İzmir, sadece eski Yunanlıların değil; Lidyalıların, Friglerin, Perslerin egemenliğini de gördü. Daha sonra Roma etkisinde kaldı. M.S. 440 yılında Atilla komutasındaki Hun Türkleri, İzmir’den başlayıp Anadolu içlerine kadar ilerlediler. Bu kent, bir süre Arapların akınlarına da sahne oldu. Bizans, tekrar kenti yönetmeye başladı. Bizans etkisi, 11. Yüzyılın ikinci yarısına kadar sürdü... Bu tarihten sonra, İzmir, artık Müslüman Türklerin mekânıdır.
Malazgirt’ten giren Oğuz boyları, köhnemiş Bizans yönetiminde inleyen Anadolu halkının umudu olur. Hak ve adalet terazisini elinde tutan Türkler, diğer Anadolu kentleri gibi İzmir’i de ihmal etmezler. 1075’de Bizans’ın manevî başkenti olan İznik’i alıp, halkına Türk töresini, İslam inancını tanıtan Kutalmışoğlu Süleyman Şah, bir yıl sonra İzmir’dedir! Kutalmışoğlu’nun ölümü üzerine Güzel İzmir Çaka Bey’in yönetimine girer. Bir ara Bizans etkisinde kalsa da, Anadolu’ya egemen olan Türk Beylikleri, bu güzel kenti donatmaya kararlıdırlar. Nitekim çok geçmeden Aydınoğulları’ndan Umur Bey, İzmir’i yönetmeye başlar.
Ve Osmanlılar... Osmanlılar, Orhan Gâzi döneminden itibaren İzmir’de etkili olmayı sürdürürler. Öyle ki; yöre halkı Türk yönetimine girmek için elinden gelen her şeyi yapar. Tarihin şaşmaz kalemi bu olayı şöyle yazar: “Osmanlı Sultanı Çelebi Mehmet 1415 yılında İzmir’i almaya çalışırken, kendisine Rodos Şövalyeleri, Midilli Prensi ve diğer Hıristiyan reisler de yardım etti...”

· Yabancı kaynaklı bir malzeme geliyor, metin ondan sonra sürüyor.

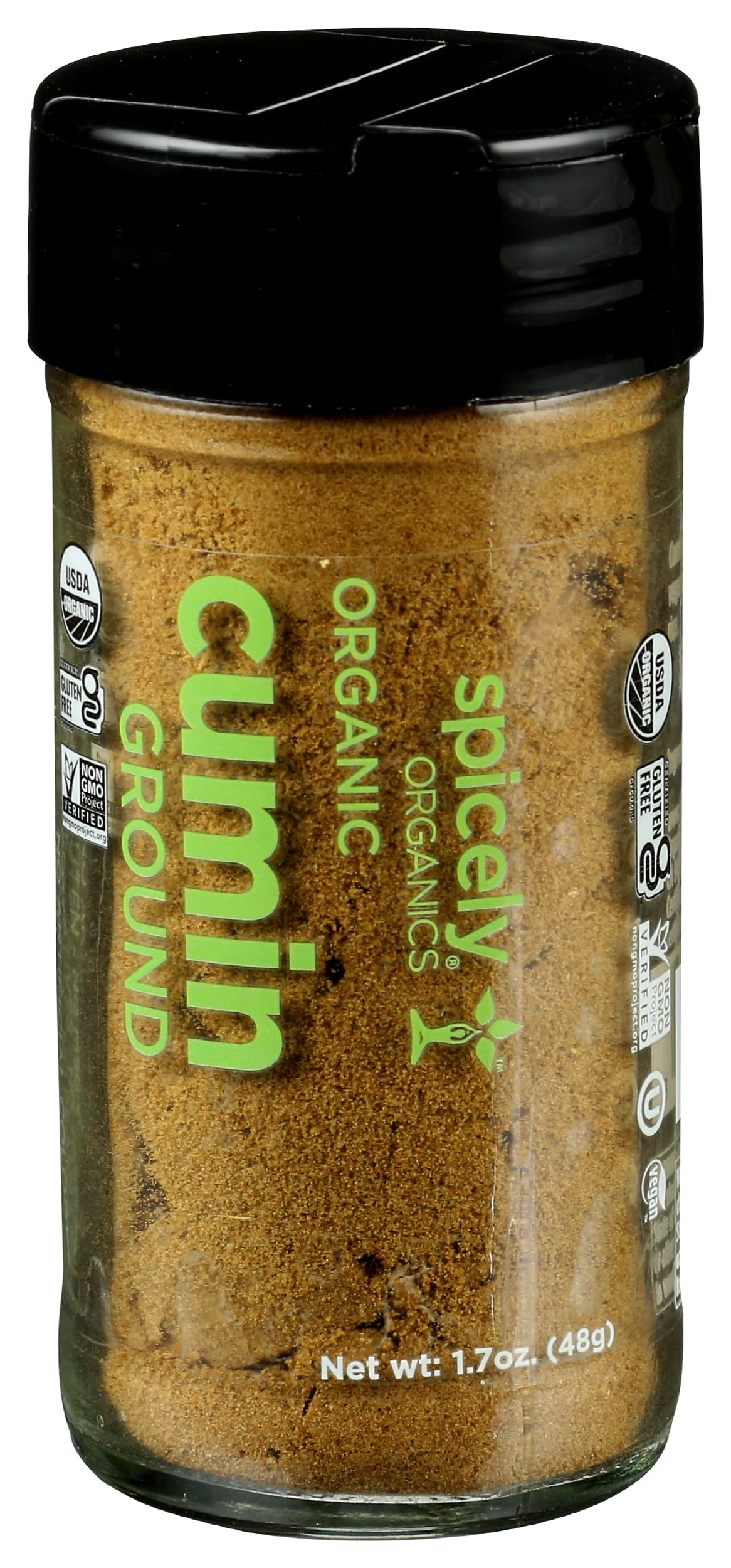 (Pack of 3), Spicely Organics Organic Cumin Ground, 1.7 oz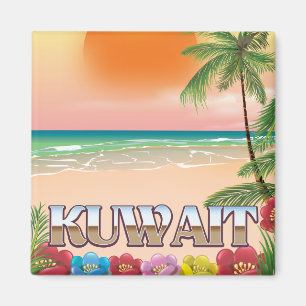 Kuwait-Strand-Reiseplakat Magnet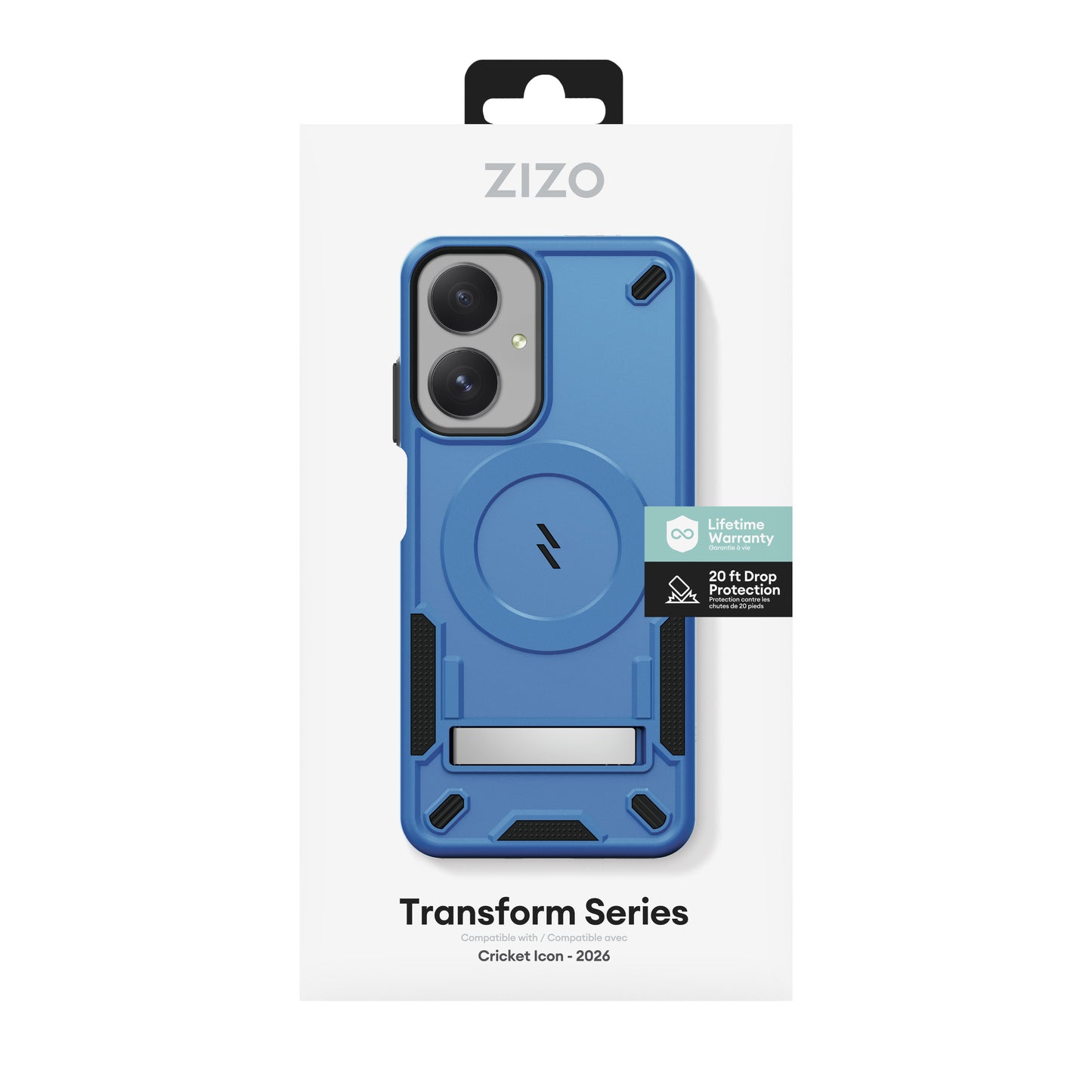 ZIZO TRANSFORM Series Cricket Icon - 2026 Case - Blue - ZIZO Wireless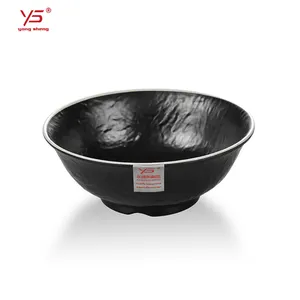 Высокое качество черная матовая искусственная кожа с стол японский 8 "лапша чаша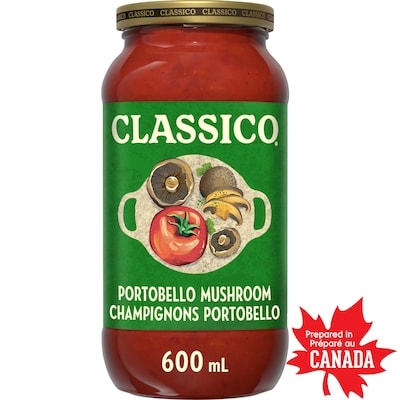 Classico Sauce pour pâtes champignons portobello 600 ml, 1,00 $/100ml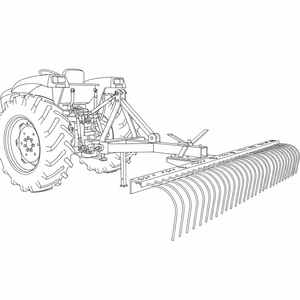 คราดไฮดรอลิก <span class=keywords><strong>ATK</strong></span> สำหรับรถแทรกเตอร์ แบบ 3 จุด สำหรับงานเกษตร ใช้กับเกียร์ สำหรับปรับระดับดิน กำจัดหิน งานหนัก รับประกัน 1 ปี - Product Image 2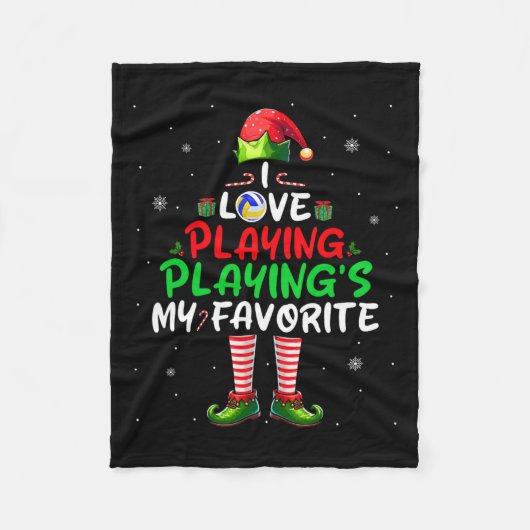 Liefde spelen is mijn favoriete kerstvolleybal fleece deken (Voorkant)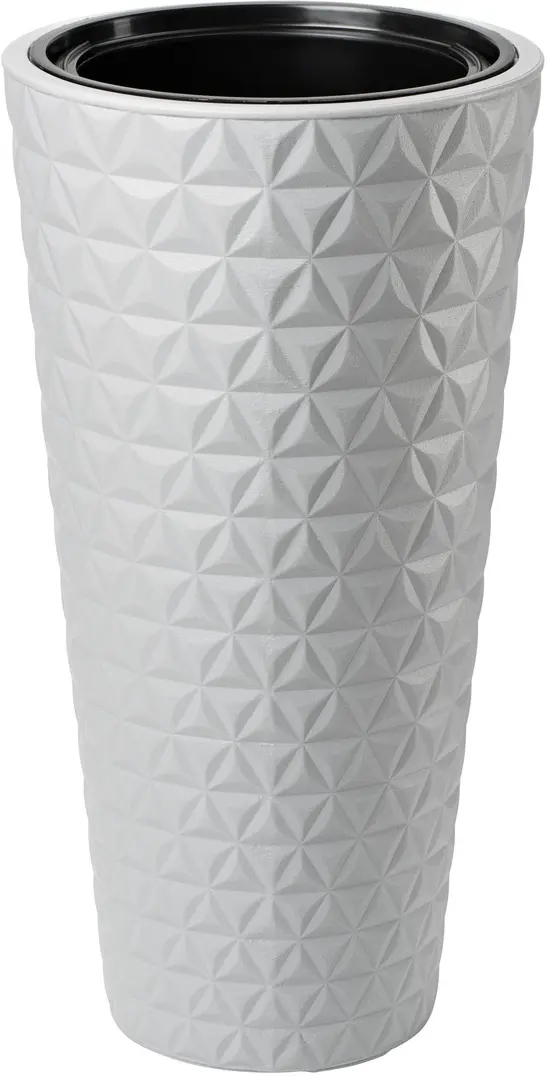 Ghiveci Form Plastic Diamond Slim D30cm (Platinum)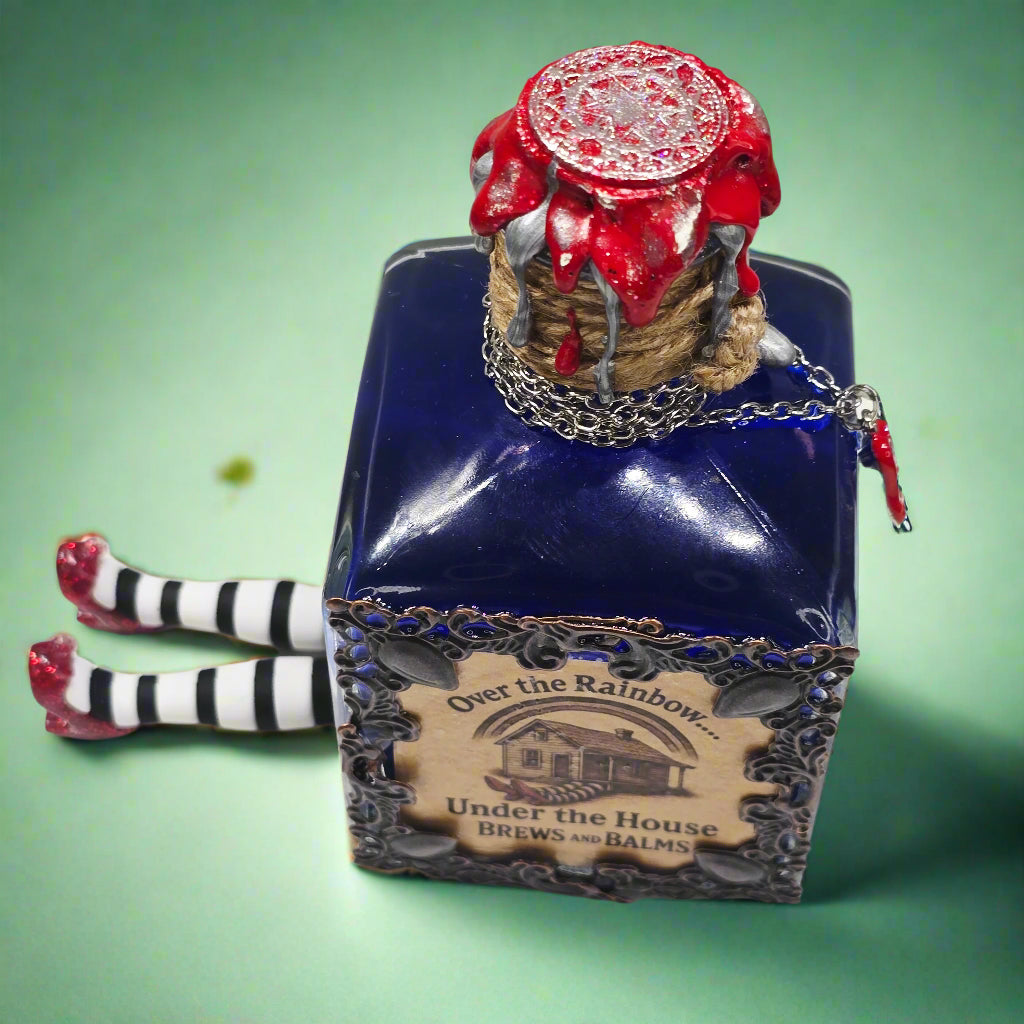 Over the Rainbow...Under the House Color Changing Potion Prop Blue to Green Decorative bottle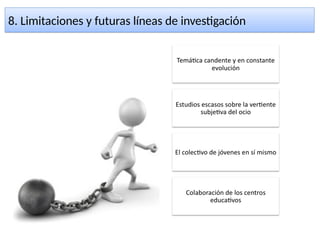8. Limitaciones y futuras líneas de investigación8. Limitaciones y futuras líneas de investigación
 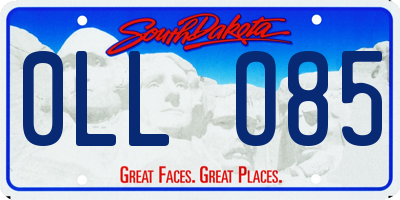 SD license plate 0LLO85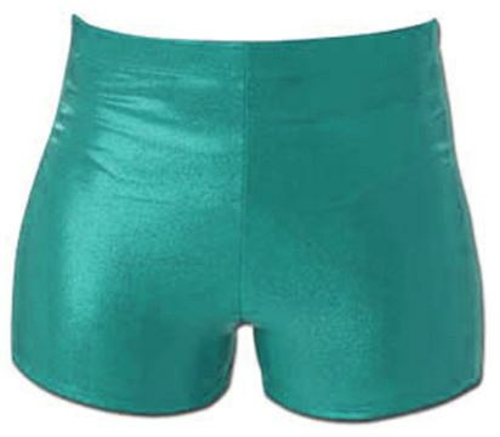 Pizzazz 2100M -TEA -YS 2100M Youth Boys Cut Brief, Metallic Teal -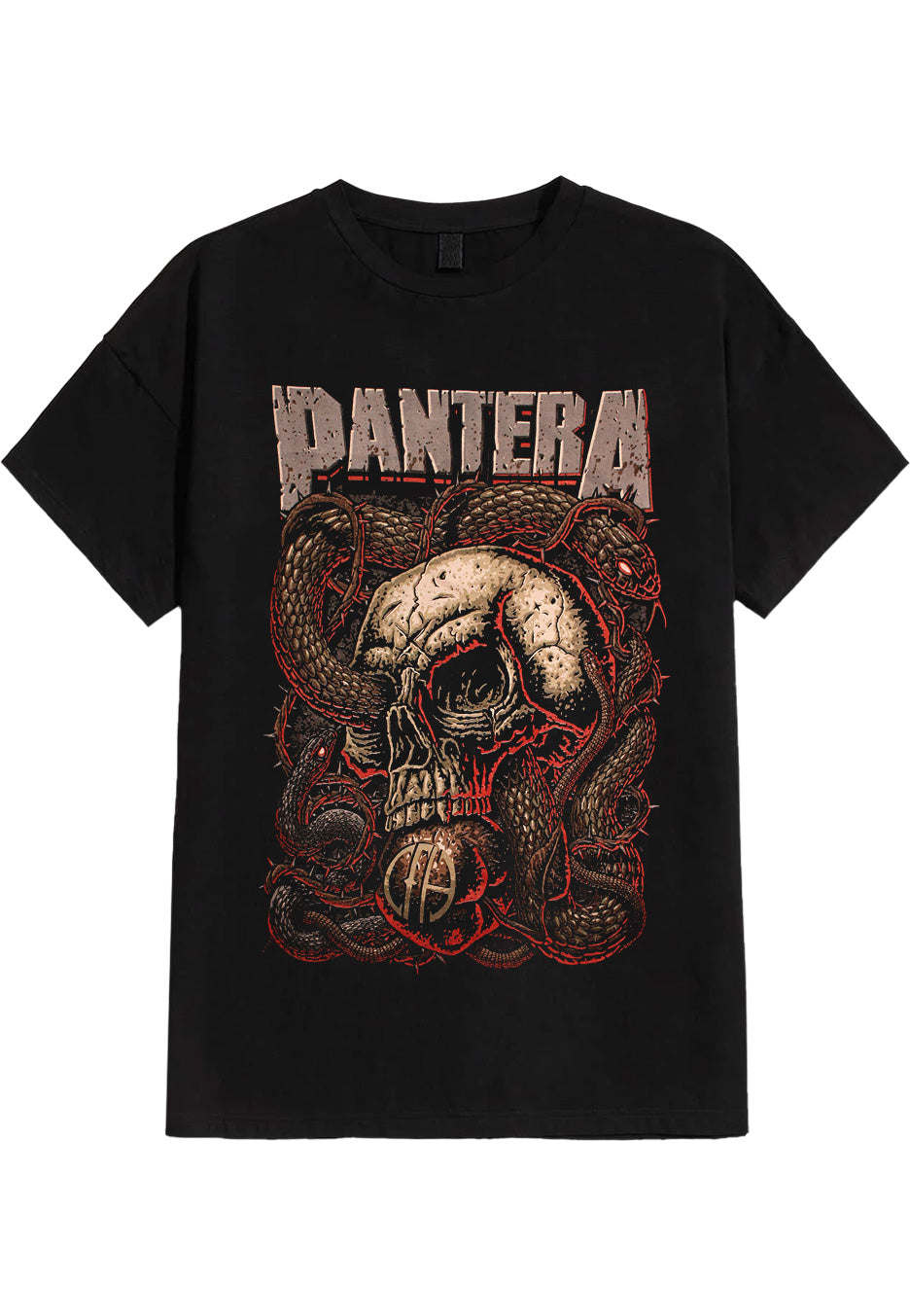 pantera-serpent-skull-t-shirt-noir-taille-l image 1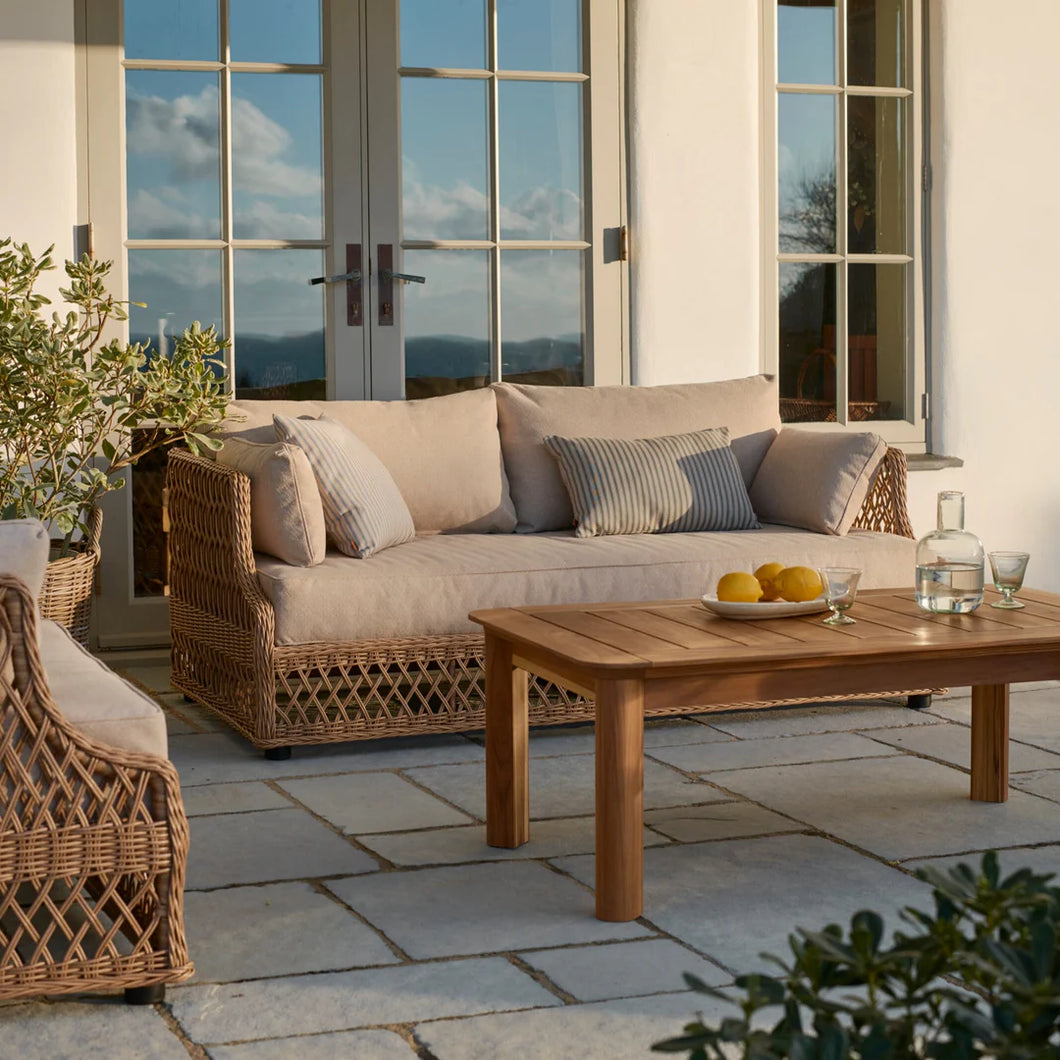Longmeadow 2 Seater Sofa with Natural Woven Cushions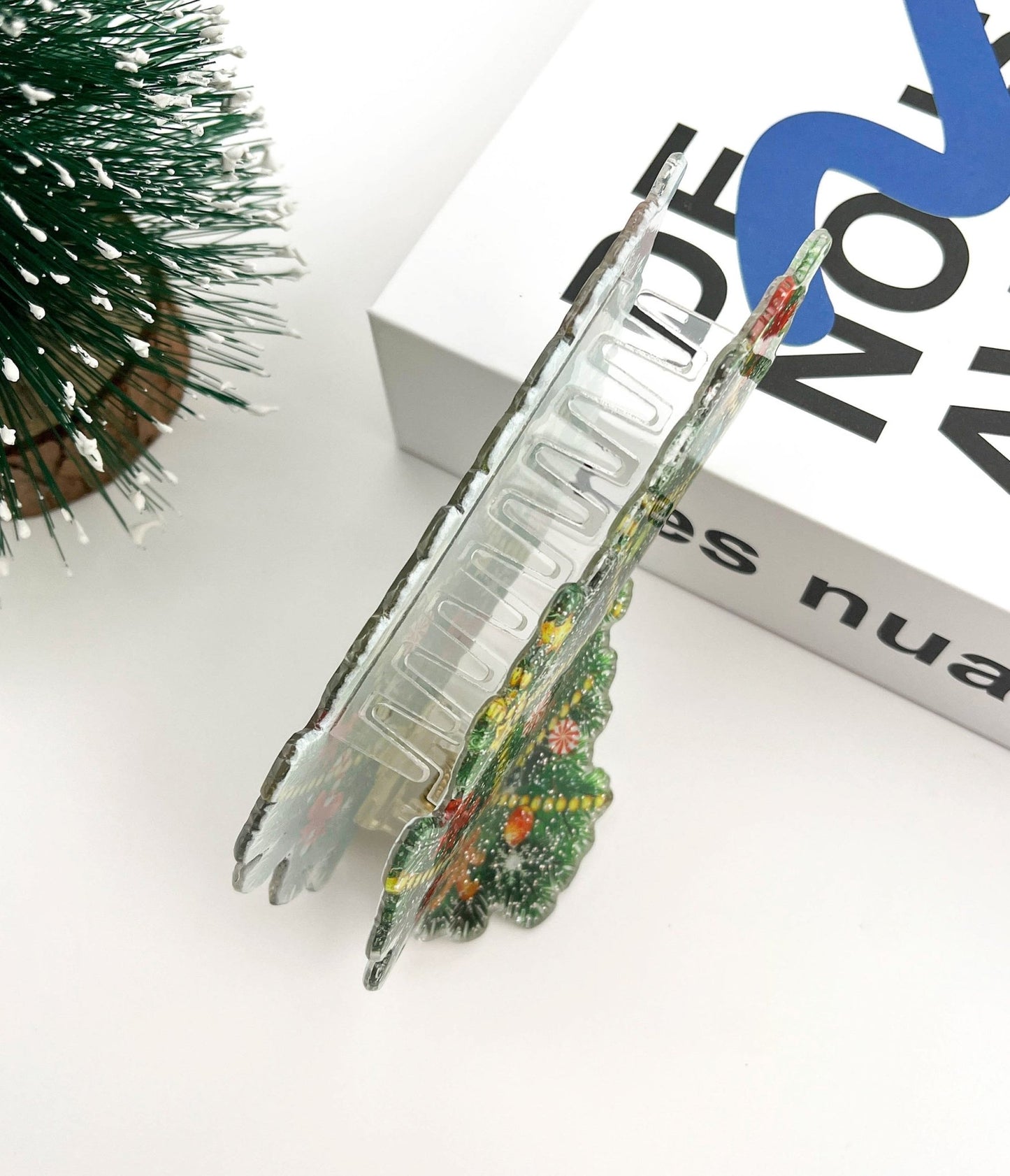 Christmas Tree Hair Clip - Unique Vintage - Womens, ACCESSORIES, HAIR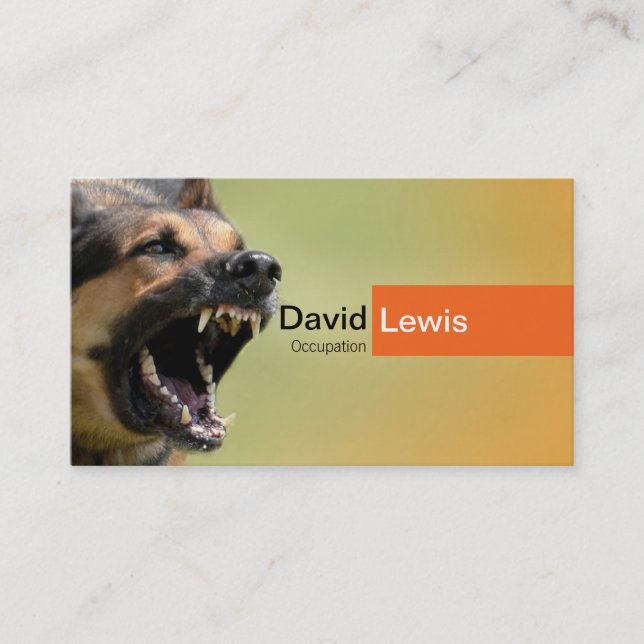 German Shepherd Dog Business Card (Front)
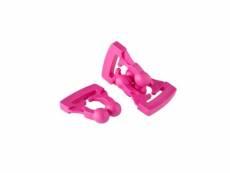 Pack 2 attaches rapides clip'on® rose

İzmir, ticari merkez olma özelliğini Osmanlı yönetiminde huzur içinde sürdürdü... Ve bir gün ufku karardı bu güzel kentin. 1. Dünya Savaşı sonrasında, galip devletler desteğindeki Yunan askerleri, 15 Mayıs 1919’da İzmir’e çıktı. İşgale karşı, ilk direnişi Gazeteci Hasan Tahsin gösterdi. Millî Mücadele yıllarında düşman işgalinde kalan bu güzel kent,
9 Eylül 1922’de kahraman Türk ordusunca kurtarıldı. Bu ordunun yenilmez Başkomutanı Gâzi Mustafa Kemal Paşa, Belkahve’den İzmir’e bakarken, düşmanın kaçarken yaktığı mahallelerin dumanları hâlâ tütüyordu...
1. İktisat Kongresi’ne ev sahipliği yapan ‘Güzel İzmir’, Cumhuriyetimizle daha bir güzelleşti... Bugün, Cumhuriyetimizin temel değerlerine bağlı halkıyla, modern mimarisiyle, uluslararası fuarıyla, sanayi ve ticaret merkezi olmasıyla; dünya kentleriyle yarışır durumdadır.
İliştiri: Sayın Murat Şengül geçen hafta tanıttığım ‘İngiliz Kemal’in, spor yaptığı kulübün Fenerbahçe olduğunu bildirdiler. Katkısı için teşekkür ederim.